How to complete this task:
Leaving the pictures aside, reproduce the data in full and word for word.

Input data:
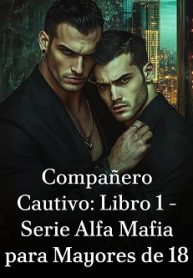 Compañero Cautivo Libro 1 – Serie Alfa Mafia para Mayores de 18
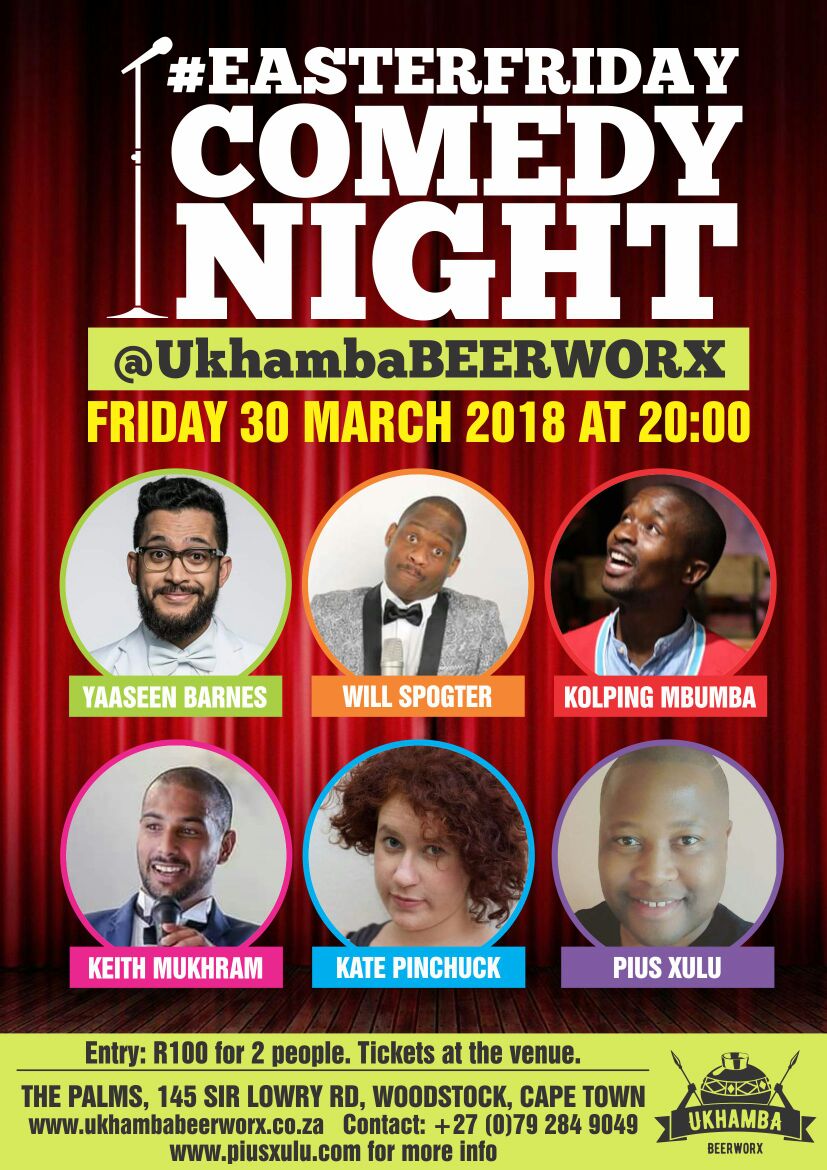 PiusXulu's tweet photo. 30 Mar // 20:00
#EasterFridayComedyNight @UkhambaBeerworx
@Ya_a_seen_Him @Will_Spogter @KatePinchuck @KolpingMbumba @KEITHMUKHRAM & myself. https://t.co/TO8eJtJPu5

Task solution:
 Compañero Cautivo Libro 1 – Serie Alfa Mafia para Mayores de 18
 PiusXulu's tweet photo. 30 Mar // 20:00
#EasterFridayComedyNight @UkhambaBeerworx
@Ya_a_seen_Him @Will_Spogter @KatePinchuck @KolpingMbumba @KEITHMUKHRAM & myself. https://t.co/TO8eJtJPu5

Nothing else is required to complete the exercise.